ある日、純が仕事を終えるとシュウが会社の前で待っていた。シュウは、クリスマスプレゼントといって日記を純に渡した。その夜、二人は島ノ下のモーテルへ行った。待っている間、純は螢のお腹の子のことをシュウに聞いてみた。シュウは、正吉なら男ぽいからあり得ることだと言った。
 完次の一家が富良野から消えたのは、それから三日後のことだった。純は、完次の持っていた土地の大部分を草太がとったと正吉から聞かされた。純は、最近の草太の考え方ややり方に不満を抱き始めていた。五郎に、そのことを話すと人の悪口は言わない方がいいと言われた。その翌日の夜、純は草太に呼び出され、自分のやっている仕事を一緒にやらないかと誘われた。そして、明日完次から引き取ったトラクターを運ぶのを手伝ってくれないかと頼むが、純は強く断った。翌日、シュウへのプレゼントを買いに雪子の店を訪ねるとそこへ五郎から草太が倒れたトラックの下敷きになって死んだという電話がかかってきた。
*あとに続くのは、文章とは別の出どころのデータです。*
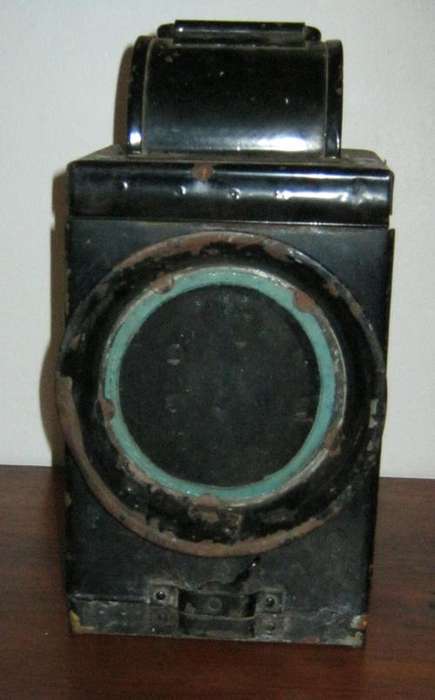 VINTAGE RAILWAY LANTERN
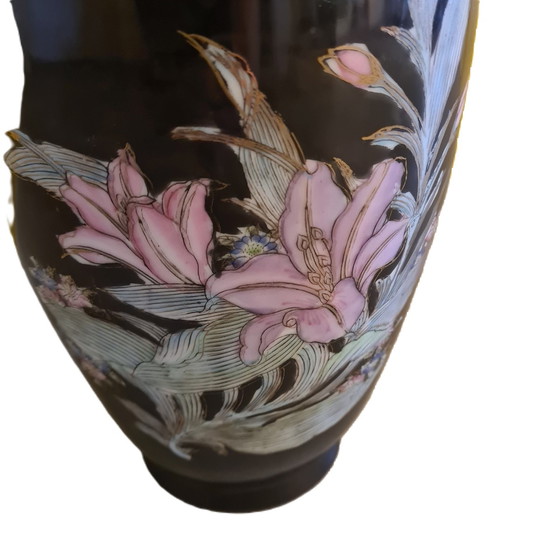 Image 1 of Vintage Chinees porseleinen vaas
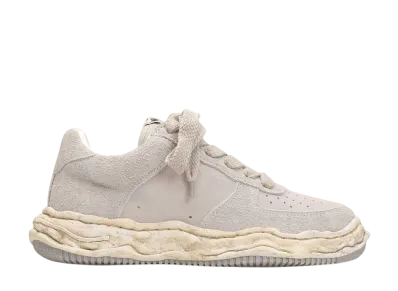 Maison MIHARA YASUHIRO WAYNE OG Sole Combination Suede Low-top Sneaker "White"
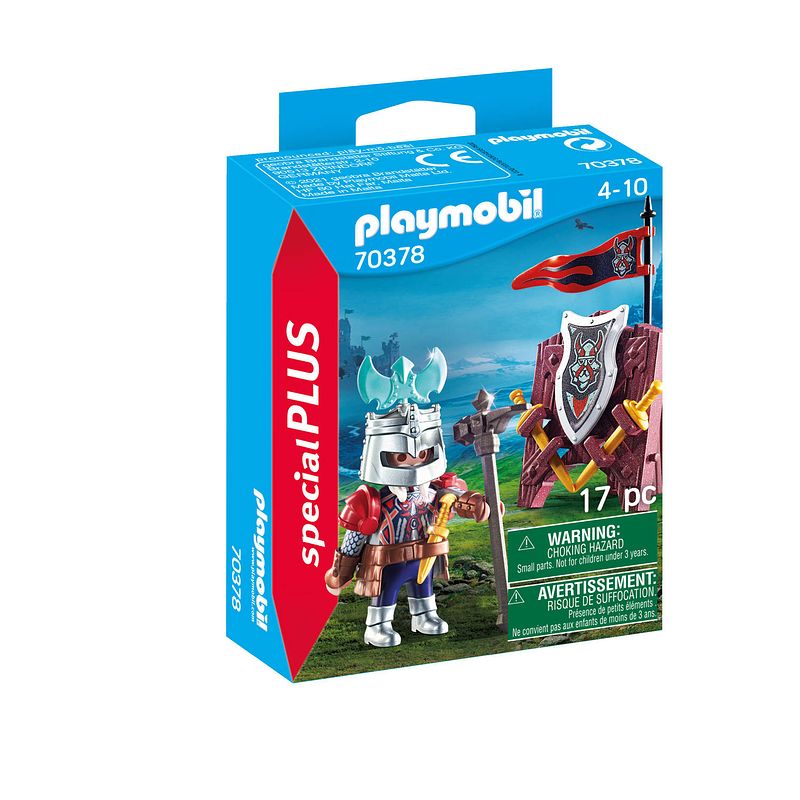 Foto van Playmobil special plus dwergridder 70378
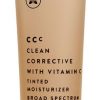 Makeup Honest Beauty Bb & Cc Cream | Ccc Clean Corrective With Vitamin C Tinted Moisturizer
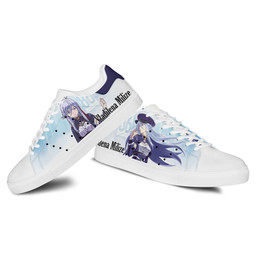 86 Eighty Six Vladilena Milize Skate Sneakers Custom Anime Shoes - 3 - GearAnime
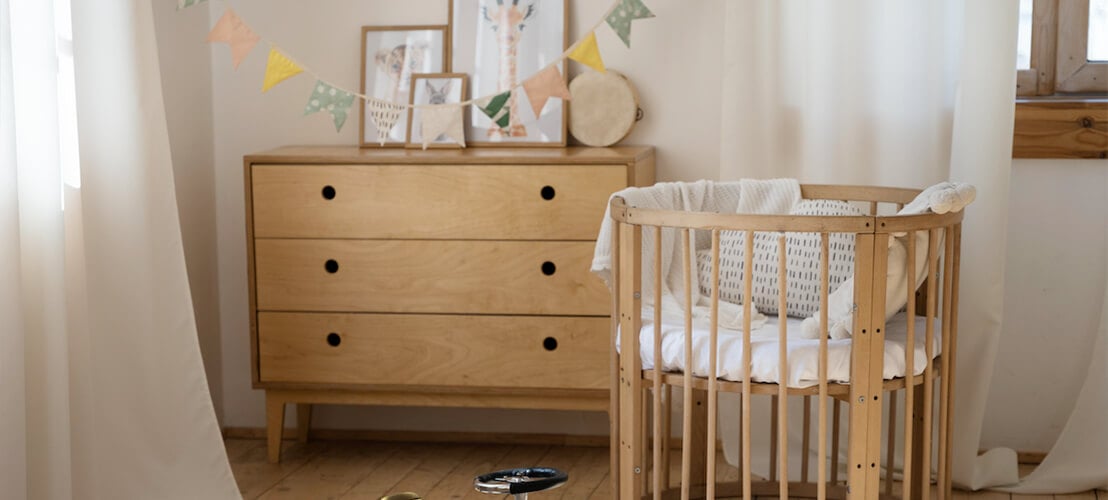 Chambre bébé évolutive et éco-responsable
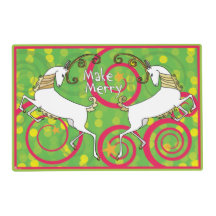 Reindeer Placemat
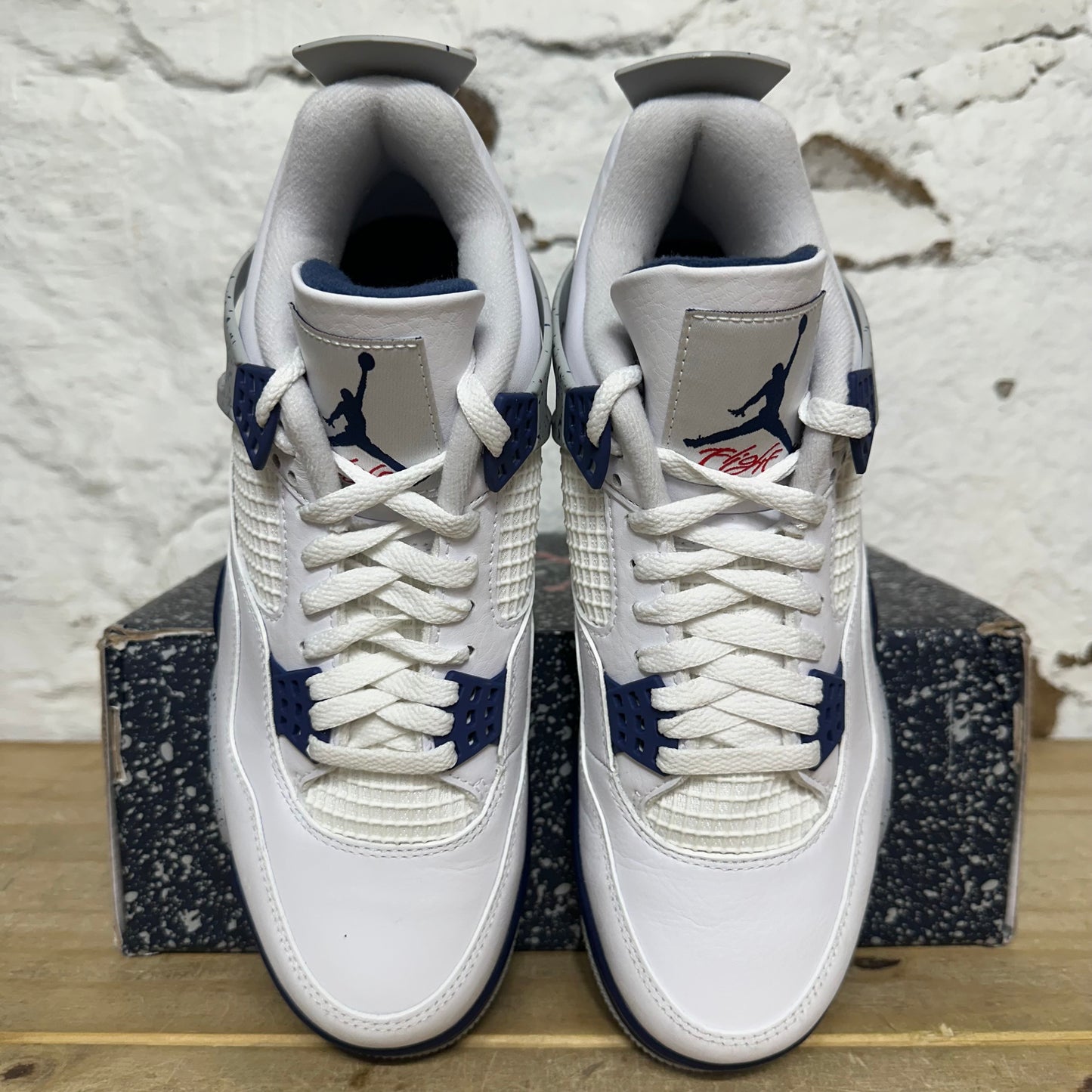 Air Jordan 4 Midnight Navy Sz 9 DS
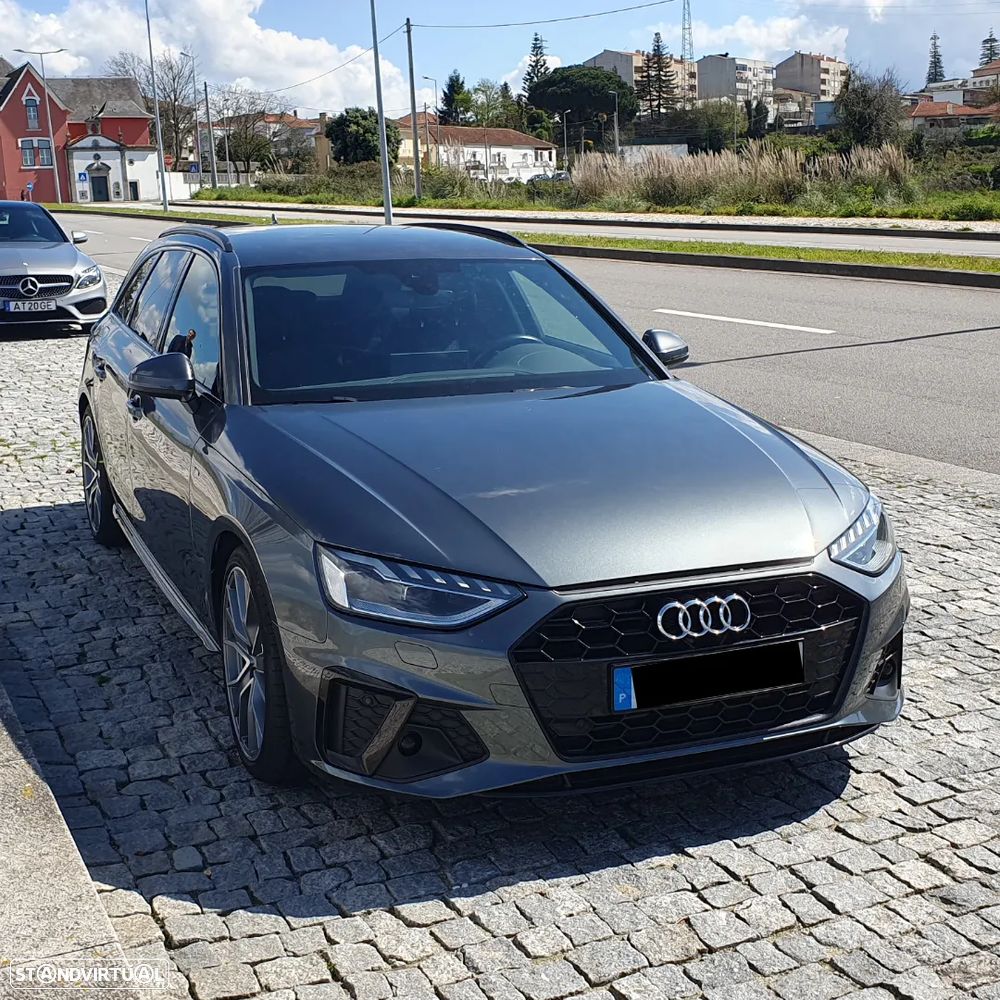 Audi A4 Avant 40 TFSI S tronic S line - 3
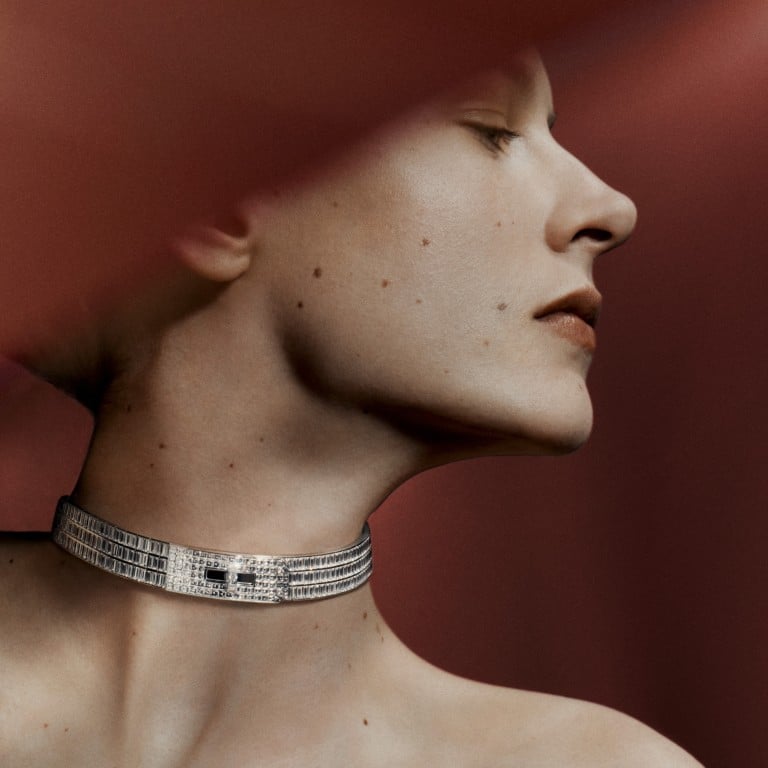 Hermès Kelly Baguettes choker. Photo: Handout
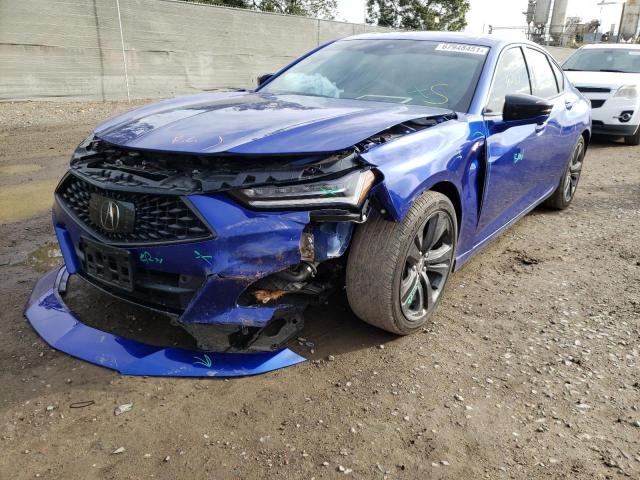 Photo 1 VIN: 19UUB5F52MA003432 - ACURA TLX TECH A 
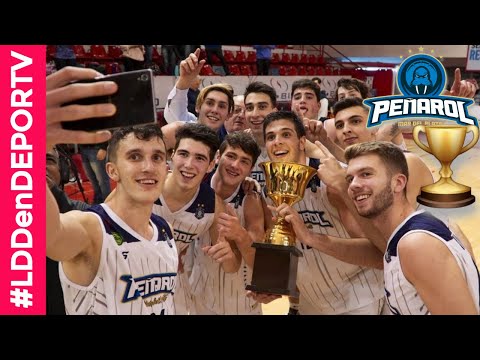 Peñarol de Mar del Plata campeón - Liga de Desarrollo 2019 - Festejos y recepción de la copa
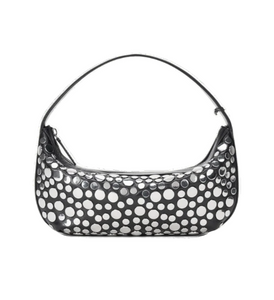 STAUD - Demy  Shoulder Bag in Rivets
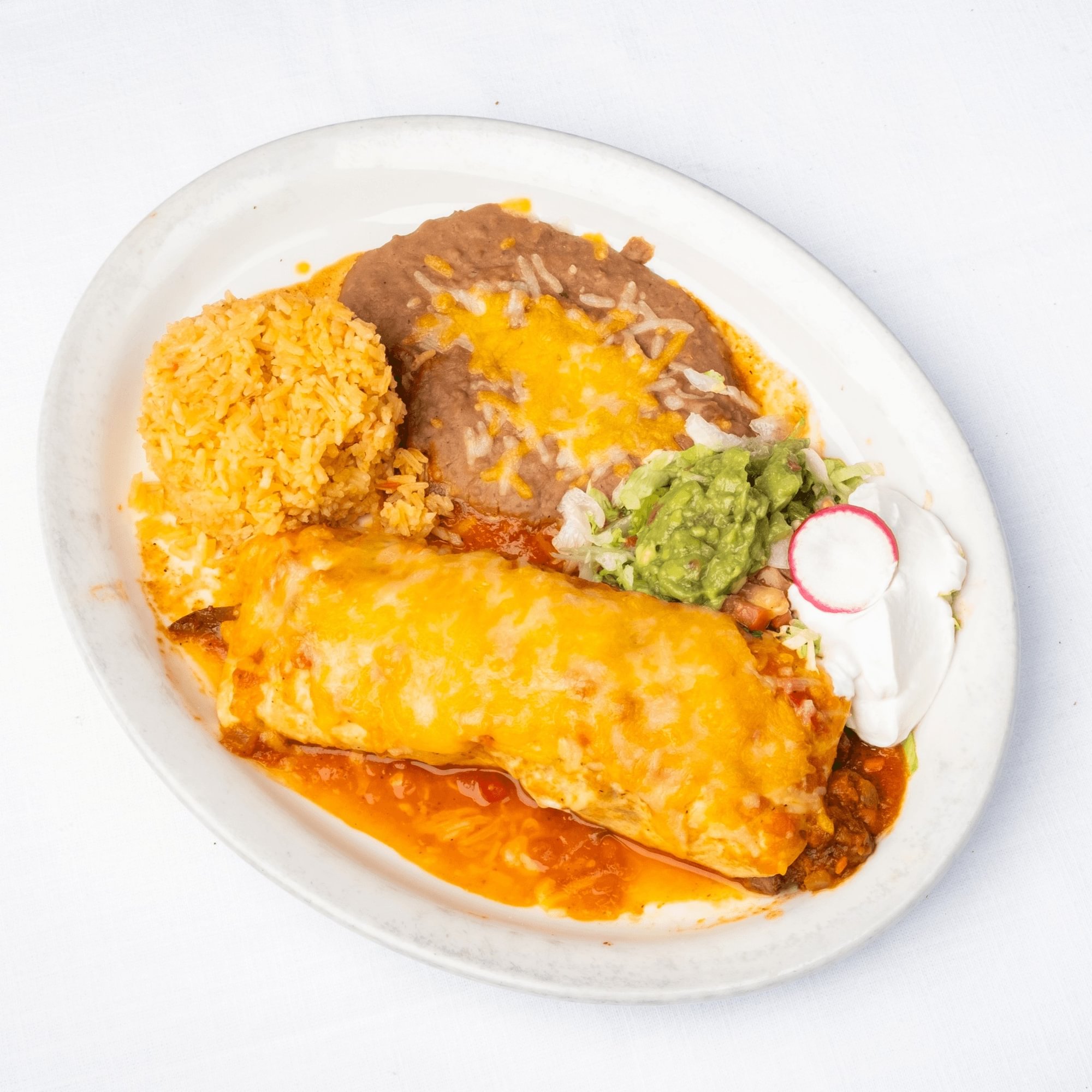 Burrito de Fajita (Fajita Burrito)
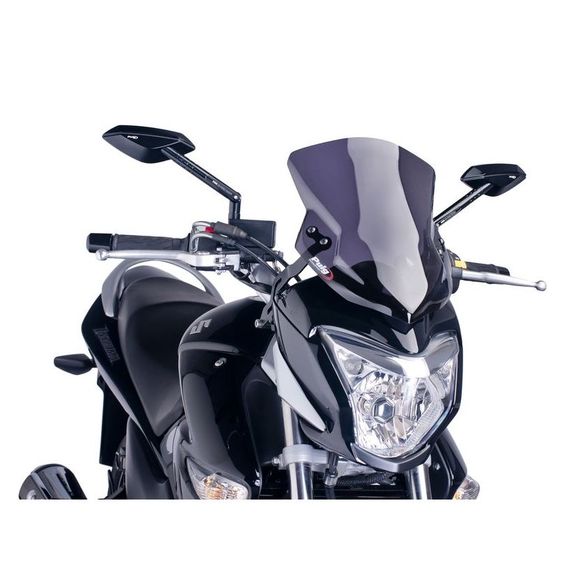 Puig SPORT Windscreen - GreyRef: 6251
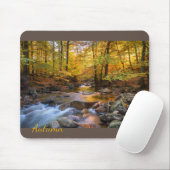 Schöner Herbstwald Mousepad (Mit Mouse)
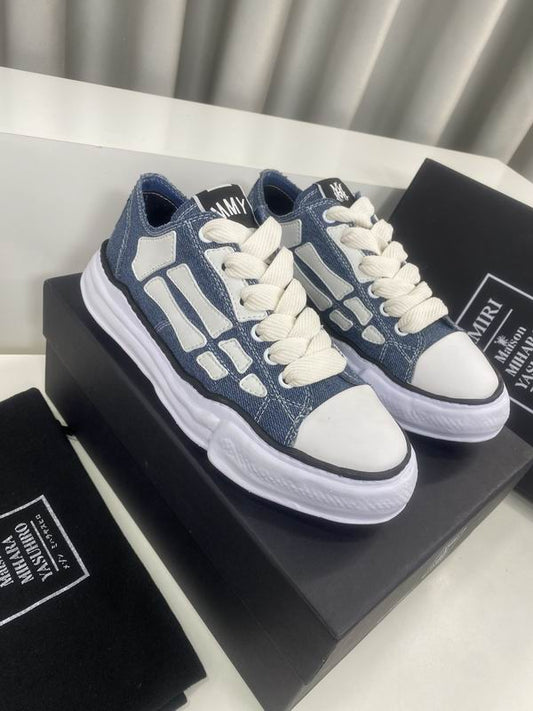 AMIRI x Maison MIHARA YASUHIRO Bones Low Sneaker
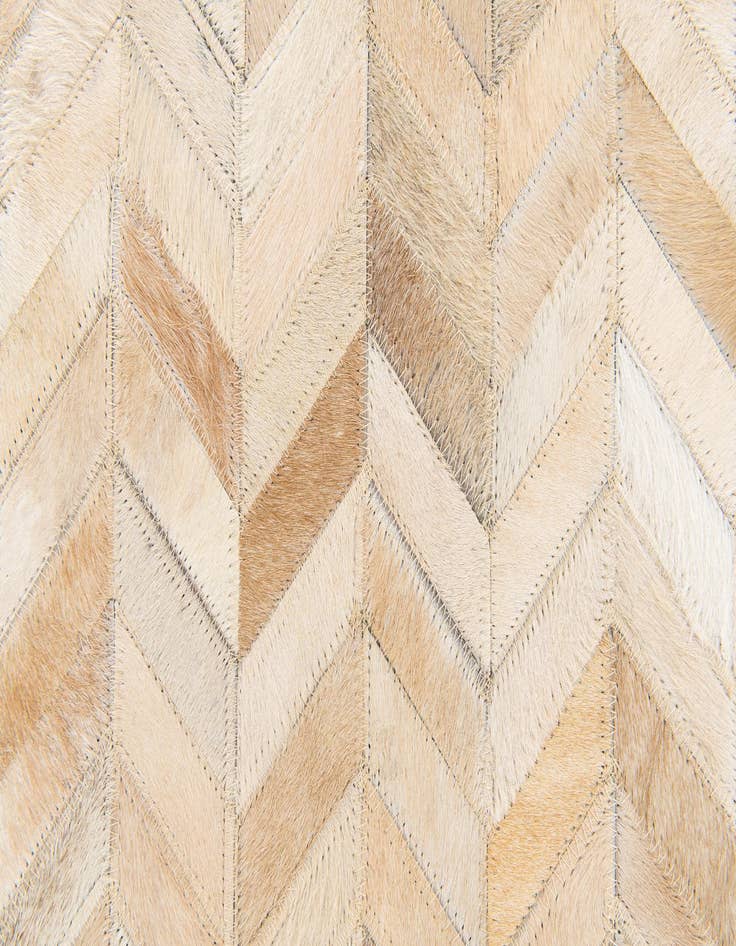 Detail image of  5' x 8' 1 Cowhide Stocks Rug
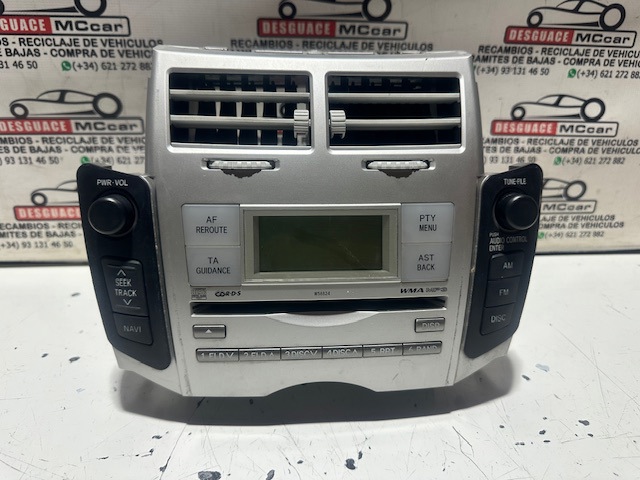 Radio Toyota Yaris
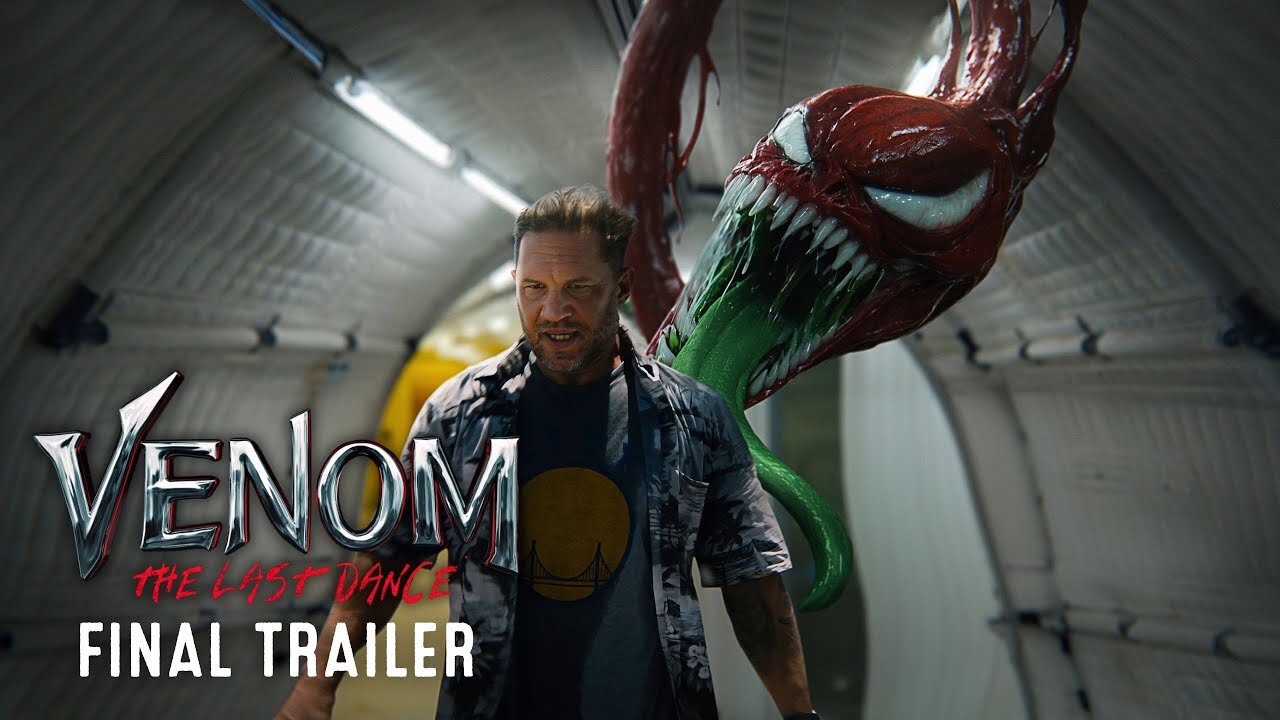 Venom: The Last Dance | Final Trailer (4K)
 純は、草太の手伝いを断ったことに心を痛めていた。五郎は、シュウに電話し、純のそばにしばらく居てくれるように頼んだ。純は、シュウと会って少し落ち着きを取り戻したが、草太が死ぬ前の日の夜雪子の店にやってきて純は自分の弟だからこれからのことが心配だと言っていたと雪子から聞かされ、号泣した。
 その翌々日、草太の告別式が行われた。その夕方から、また雪になった。正月に入ってしばらくしてから、草太の家で純と正吉に新吉から草太の牧場をやってみないかという話があった。翌日7時にくまげらへ行くと螢の結婚式の話だった。その話を聞いた純は中止するように頼むが受け入れてもらえなかった。ある日、純と正吉が五郎の家に行くと草太から螢の結婚式の衣装が届けられていた。正吉は、草太の計画した結婚式をやってもらってもいいと純に言った。